But now, by virtue of being associated with a forbidden phallic charge
of eros, which he says is "gross," the baby is contaminated anew.
Furthermore, the baby is not only that which his mother threw away, but
that aspect of himself which he also threw away, its being too painful
to dwell on its pain, its identity, and its unfulfillable longings.
Nobody, it seems, wants this baby.
Up until this
point I have tried simply to follow his lead. Here, however, I want to
say something. At the same time I want to remain within the language
and the sequence of the play situation he created. So I stop shooting
and say, "I don't feel right shooting at this baby. I want to make
friends with him." And I refuse to shoot him anymore. This is my effort
to say I am in some sense on the side of the libidinal self, and that
this true even though, in the previous hour with two mothers, I was
also on side of mothers in so far as they were insisting on acceptable
social behavior. The baby comes out of the play house, gets the gun,
and shoots me, expressing his anger at me, probably for allowing him to
be embarrassed by letting his mothers confront him on the sexual
matters in my presence, and for affirming with them the need for firm
social limits. I think he shoots me also as an expression of his
mistrust of my sincerity in trying to align with his needs.
Then Eric
stands in the center of the room, holding the baby, and looking sort of
lost. He says, speaking for the baby, "I want my mother...I mean my
magic." The slip that he immediately corrects expresses his deeper
longing for the lost mother---probably both his adoptive mother, where
he cannot presently live, and his biological mother. Here we are very
close to an open acknowledgment of the needs of his innermost
self---what Guntrip refers to as the "lost heart of the self." But the
slip also suggests that it is his sexuality, his "magic" that is tied
up with the longing for mother.
Eric's magic is
his phallic power. He retrieves this and, seeming to regret having shot
me, he uses the magic powers of the baby to heal me (he simply points
at me and says "zap'" and I am healed). His love makes me well (I am
re-instated as a benign and helpful object in his world). We are
friends. In terms of my agenda, he and I have at this point made a
therapeutic alliance to try to help the phallic boy with his needs for
love, acceptance and security, even though this must be balanced by an
affirmation on my part that he must meet his needs within an acceptable
social framework.
Although I am
not at this point identified with the persecutory anti-libidinal
object, that figure doesn't simply dissolve into thin air. Eric creates
a loud, very aggressive man, whom he enacts. He gets the gun and shoots
both me and the baby. I am killed but the baby is able to defend itself
from this attack with its own magic. This baby has control of all the
magic power. He is a phallic baby. The baby shoots back at the man with
magic power and after a long and terrible struggle in which the baby is
wounded to the point of death several times, the baby emerges
victorious, and kills the man. Then he revives me again with his magic
power. Baby has the power of reviving me when I am shot.
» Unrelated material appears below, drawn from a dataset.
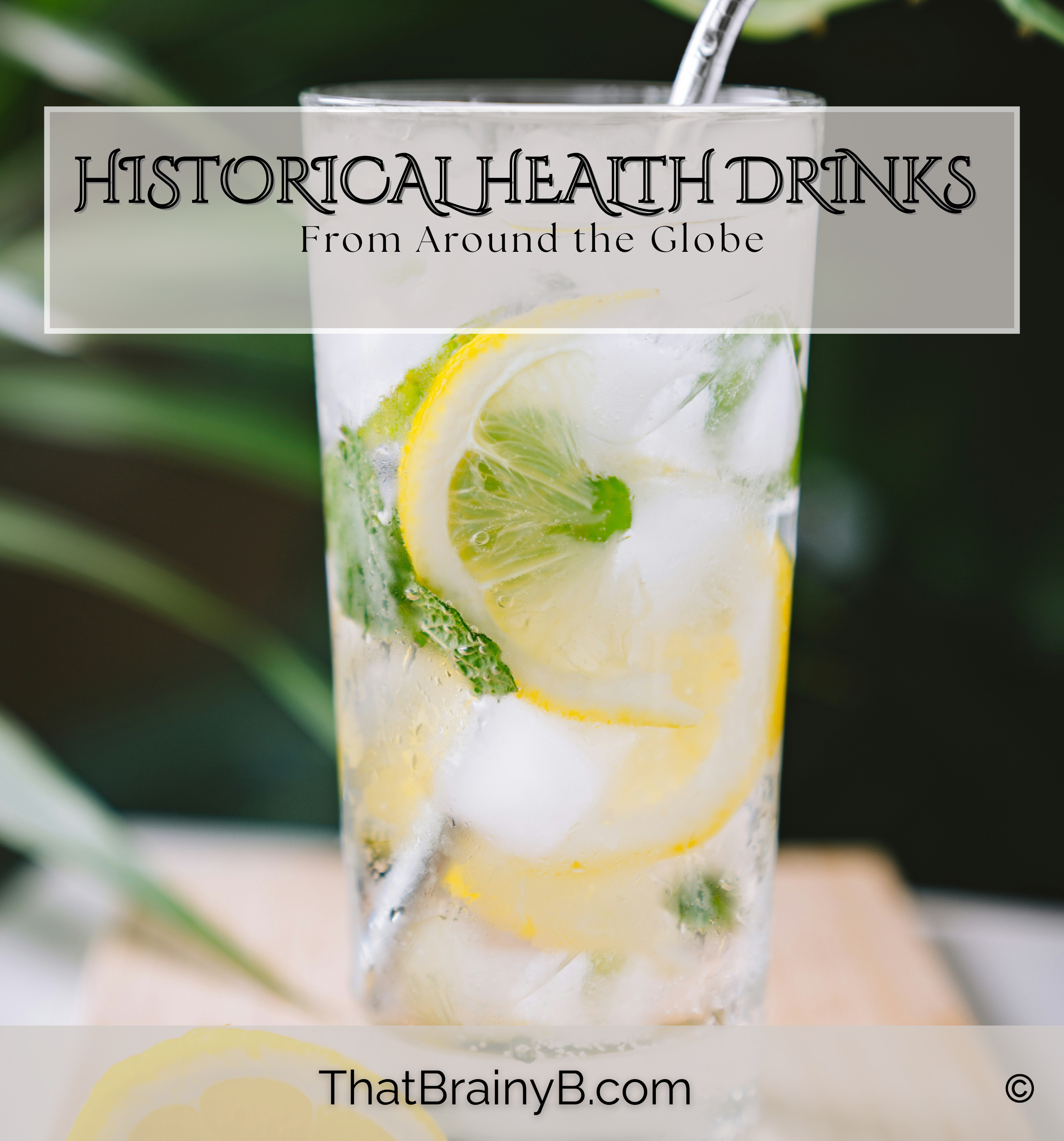 Historical Health Drinks | Traditional Drinks from Around the Globe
The magic
power of the baby can, as I suggested to him, be used either
aggressively or as a healing power.
The hostile man
comes back to life. We try to make friends with him. He seems to go
along with this, but he is lying to us. At the first opportunity he
betrays us and starts shooting us again. There is a new battle much
like the old one. I think at the time that this man represents the
anti-libidinal forces of the outside world. Probably he also represents
one aspect of a split image of myself, that correspond to his
unresolved ambivalence about whether he can really trust me. The theme
of betrayal suggests this to me.
Then Eric says
something about "Willie in my head." This is not very clear, and my few
attempts to get clarity are rejected. Without the aid of associations
or further clarifications from him with regard to the meaning of this
odd comment, I can only speculate. Willie as a representation of his
inner-most, needy self is, in my mind, almost identical to the phallic
boy---is simply a different metaphor representing the same psychic
reality. Willie may have come into his head at this point simply
because of his strong association with the baby. It is in part this
association that gives me some confidence in my interpretation of the
baby as a phallic child.
Returning to
the hostile man, it seems likely that this is a composite image not
just of the anti-libidinal others, but also includes that aspect of
himself that would attack the infant. Why would some aspect of himself
wish to do this? Beyond his identification with important loved adult
figures who have to some extent taken an anti-libidinal position, he
has reason to fear his own lost heart. Fear of making himself
vulnerable to a world he does not trust to be responsive to his inner
needs would be the primary reason for this fear. No one wishes to
experience the pain of acknowledging a need that one fears can never be
met. The deepest defense against the pain of not having enough food is
the denial of hunger. Additionally, in Eric's case, acknowledging the
denied inner needs of the self means to re-experience the pain caused
by those life experiences that thwarted these needs being met in the
past. It also entails the risk of letting oneself love real people,
both therapist and significant others in Eric's case. In view of past
abandonments, this is a dangerous matter indeed. The fear of living
within one's deepest needs, I believe, leads to the libidinal energies
detaching themselves from their true and deepest wishes and aims, and
to their fusing with an angry deprived self to produce a figure who
both attacks the inner child\phallus, and seeks gratification in an
unsocialized manner. This is the beginning of an asocial false self.
Finally the
baby and I succeed in killing the hostile man. Our time is up for this
session.
THEORETICAL
IMPLICATIONS
I would have us
focus on the child\phallus that emerged as the dominant figure in the
10\7\94 session. How are we best able to understand this curious
figure? We have described him as being both phallus and innermost needy
self. He is "Willie" in a slightly different guise. He is both Eric's
penis and his desire to return to his lost love, the mother who
abandoned him.
Trying to
understand the phallic child in the classical freudian manner, as a
physiological tension needing discharge is grossly inadequate. The
phallic child seeks to restore a lost relationship---it wants mother,
he is not seeking just any object to discharge himself upon.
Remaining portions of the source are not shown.